Другой раз Даниил обнаружил, что его отец, профессиональный мистик, не читал Якоба Беме, и дал Ивану Павловичу его книгу. Отец вернул ее со словами: “Не понял ни бе, ни ме”. Позитивистская выучка оставалась в нем до конца жизни, и она мешала ему понимать парадоксальные идеи, выраженные алогичным, символическим языком. Отец и сын Ювачевы порою чувствовали и ощущали одно и то же, но языки, на которых они мыслили и говорили, были слишком различны.
Дневниковые записи старшего Ювачева, посвященные сыну, обычно немногословны и сдержанны, но порою в них сквозит искренняя нежность:
Даня опять стихотворением просил разбудить его в 10. Я пошел его будить, стал у кушетки и запел из Травиаты: “Милый сын, сын дорогой, возвратись под кров родной!” и дальше не мог, чтобы не расплакаться (22 ноября 1930 года).
Тридцатого декабря отец поздравил сына с двадцатипятилетием:
В 10 утра отнес в комнату сына: 1. просфору 2. вино 3. книги, приложил поздравление.

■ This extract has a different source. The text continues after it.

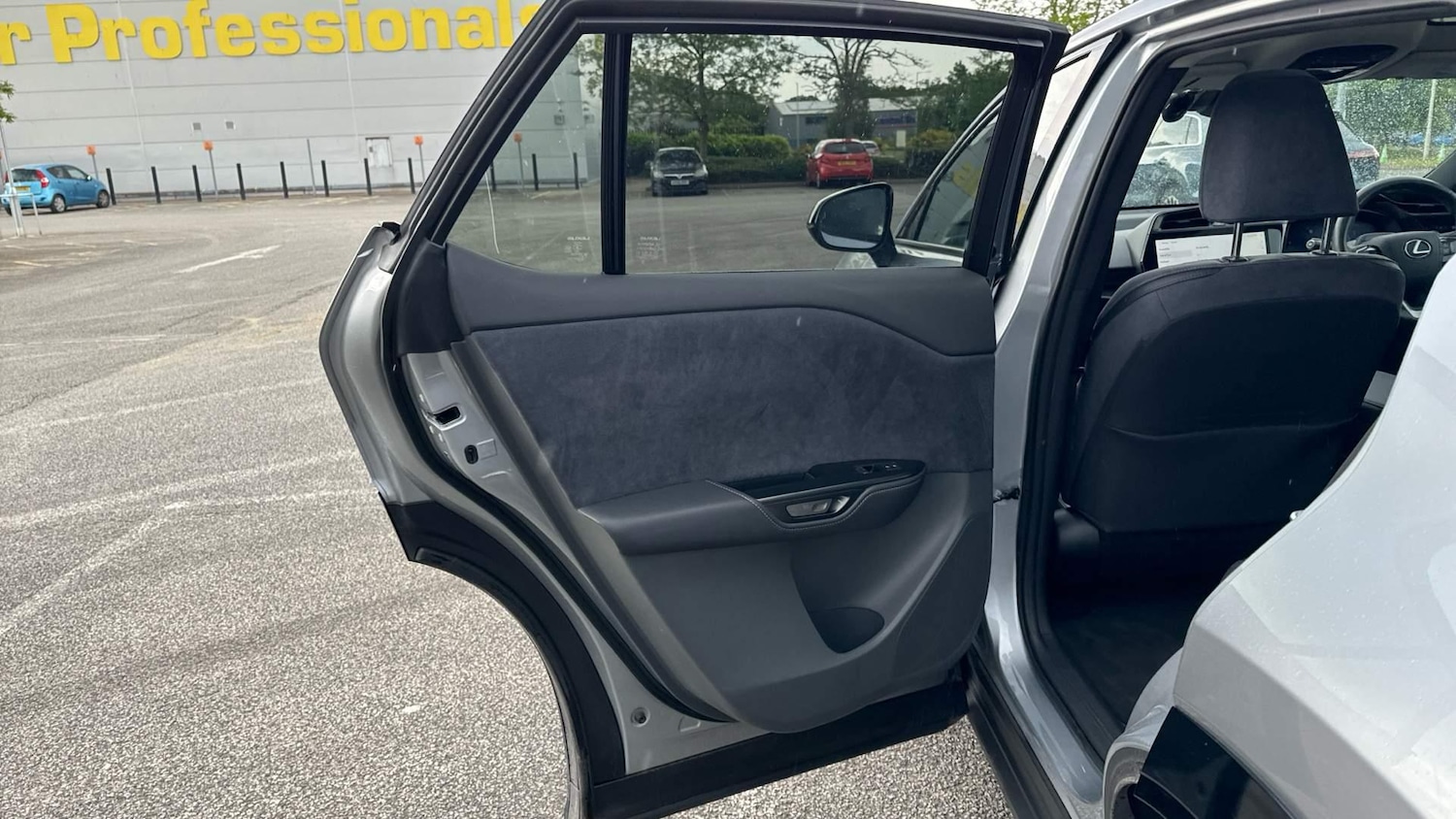 Used Lexus RZ 2023 for sale - 76866460: Photo 39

Первый юбилей Даниила Ивановича Ювачева-Charms:
Лет двадцать пять со дня рожденья.
Сегодня в праздник именин
Тебе приносим поздравленья,
Семь книг и к ним вина графин.
Лизе в том же декабре исполнился двадцать один год. В следующем, 1931 году она вышла замуж.
Тетки уговорили меня… Уж очень жених им понравился… А Даня ругал меня. В тот день, когда была моя свадьба, я ушла на кухню – сижу и реву. Приходит Даня, я говорю: “Я не хочу идти”. Он говорит: “Ну, сделала одну глупость – не делай вторую”[254].

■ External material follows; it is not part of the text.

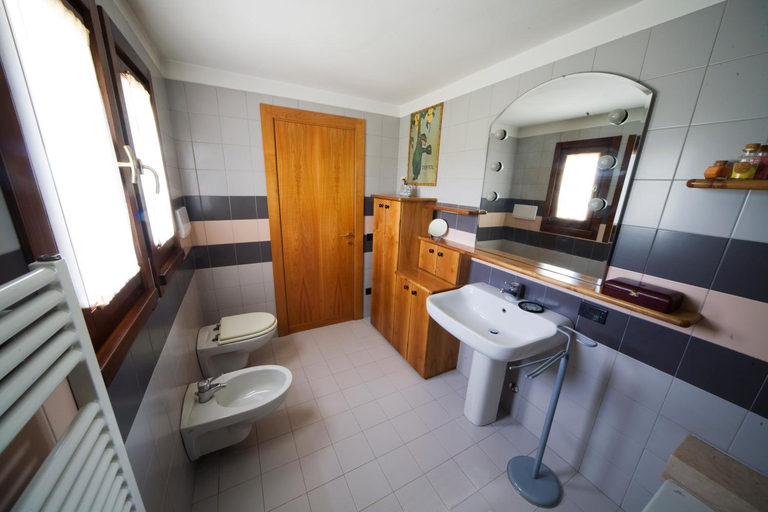 Others 4, B&B Il Pettirosso, Verona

Лизин муж, Владимир Иосифович Грицын, инженер, член ВКП(б), оказался человеком, видимо, обеспеченным и основательным. Вскоре родился сын Кирилл. Молодая женщина не сразу вошла в роль матери. Однажды (вспоминала она) Даниил и его друзья затащили ее в “Культурную пивную”, где она весело провела с ними время. “Возвращаюсь домой – а там как раз Наталья Ивановна приехала. Ну и попало же нам от нее – особенно Дане: “У нее маленький ребенок, а ты ее спаиваешь”[255]. Так или иначе, жизнь Лизы как-то определилась. А ее старший брат, расставшийся со своей любовью, пытался найти ей какую-то замену.